The most popular option, and the one we’ll focus on today, is the scikit LinearRegression class.
*Context: scikit is a robust set of tools for data science and analysis. Take a look at their other model-fitting resources here.
mpg = sns.load_dataset('mpg')
mpg
| mpg | cylinders | displacement | horsepower | weight | acceleration | model_year | origin | name | |
|---|---|---|---|---|---|---|---|---|---|
| 0 | 18.0 | 8 | 307.0 | 130.0 | 3504 | 12.0 | 70 | usa | chevrolet chevelle malibu |
| 1 | 15.0 | 8 | 350.0 | 165.0 | 3693 | 11.5 | 70 | usa | buick skylark 320 |
| 2 | 18.0 | 8 | 318.0 | 150.0 | 3436 | 11.0 | 70 | usa | plymouth satellite |
| 3 | 16.0 | 8 | 304.0 | 150.0 | 3433 | 12.0 | 70 | usa | amc rebel sst |
| 4 | 17.0 | 8 | 302.0 | 140.0 | 3449 | 10.5 | 70 | usa | ford torino |
| ... | ... | ... | ... | ... | ... | ... | ... | ... | ... |
| 393 | 27.0 | 4 | 140.0 | 86.0 | 2790 | 15.6 | 82 | usa | ford mustang gl |
| 394 | 44.0 | 4 | 97.0 | 52.0 | 2130 | 24.6 | 82 | europe | vw pickup |
| 395 | 32.0 | 4 | 135.0 | 84.0 | 2295 | 11.6 | 82 | usa | dodge rampage |
| 396 | 28.0 | 4 | 120.0 | 79.0 | 2625 | 18.6 | 82 | usa | ford ranger |
| 397 | 31.0 | 4 | 119.0 | 82.0 | 2720 | 19.4 | 82 | usa | chevy s-10 |
398 rows × 9 columns
# Let's look at the data
# Is there a linear relationship between "weight" and "horsepower"?

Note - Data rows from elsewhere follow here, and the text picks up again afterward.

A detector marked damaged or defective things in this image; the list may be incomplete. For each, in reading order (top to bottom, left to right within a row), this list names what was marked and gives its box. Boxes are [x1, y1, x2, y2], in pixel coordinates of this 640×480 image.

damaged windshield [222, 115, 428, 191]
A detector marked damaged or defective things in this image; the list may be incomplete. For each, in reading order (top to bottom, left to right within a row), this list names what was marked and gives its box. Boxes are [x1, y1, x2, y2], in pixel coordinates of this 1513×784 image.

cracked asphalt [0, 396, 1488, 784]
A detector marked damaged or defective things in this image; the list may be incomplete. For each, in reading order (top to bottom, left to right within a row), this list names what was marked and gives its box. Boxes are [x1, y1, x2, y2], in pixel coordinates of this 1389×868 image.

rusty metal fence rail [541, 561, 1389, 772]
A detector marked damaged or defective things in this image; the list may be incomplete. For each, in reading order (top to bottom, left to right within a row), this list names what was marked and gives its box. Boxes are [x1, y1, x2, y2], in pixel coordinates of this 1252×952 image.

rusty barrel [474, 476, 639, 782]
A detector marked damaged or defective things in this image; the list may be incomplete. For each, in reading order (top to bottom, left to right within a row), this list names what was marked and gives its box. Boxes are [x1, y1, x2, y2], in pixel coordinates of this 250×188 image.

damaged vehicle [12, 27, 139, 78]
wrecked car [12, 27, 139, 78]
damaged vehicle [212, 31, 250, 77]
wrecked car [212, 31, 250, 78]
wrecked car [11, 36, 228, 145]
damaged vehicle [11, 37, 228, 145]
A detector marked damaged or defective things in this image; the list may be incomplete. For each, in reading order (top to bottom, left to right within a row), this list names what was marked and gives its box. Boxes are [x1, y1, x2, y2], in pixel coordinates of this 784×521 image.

sns.scatterplot(data = mpg,
x = "weight",
y = "horsepower"
)
<AxesSubplot:xlabel='weight', ylabel='horsepower'>
# Let's make sure this data is cleaned up by checking for null values!
# Handy resource: https://datatofish.com/rows-with-nan-pandas-dataframe/
mpg[mpg.isna().any(axis=1)]
# mpg.shape
# mpg.index
| mpg | cylinders | displacement | horsepower | weight | acceleration | model_year | origin | name | |
|---|---|---|---|---|---|---|---|---|---|
| 32 | 25.0 | 4 | 98.0 | NaN | 2046 | 19.0 | 71 | usa | ford pinto |
| 126 | 21.0 | 6 | 200.0 | NaN | 2875 | 17.0 | 74 | usa | ford maverick |
| 330 | 40.9 | 4 | 85.0 | NaN | 1835 | 17.3 | 80 | europe | renault lecar deluxe |
| 336 | 23.6 | 4 | 140.0 | NaN | 2905 | 14.3 | 80 | usa | ford mustang cobra |
| 354 | 34.5 | 4 | 100.0 | NaN | 2320 | 15.8 | 81 | europe | renault 18i |
| 374 | 23.0 | 4 | 151.0 | NaN | 3035 | 20.5 | 82 | usa | amc concord dl |
# Looks like we need to handle the null values above
mpg_clean = mpg.dropna().reset_index(drop = True)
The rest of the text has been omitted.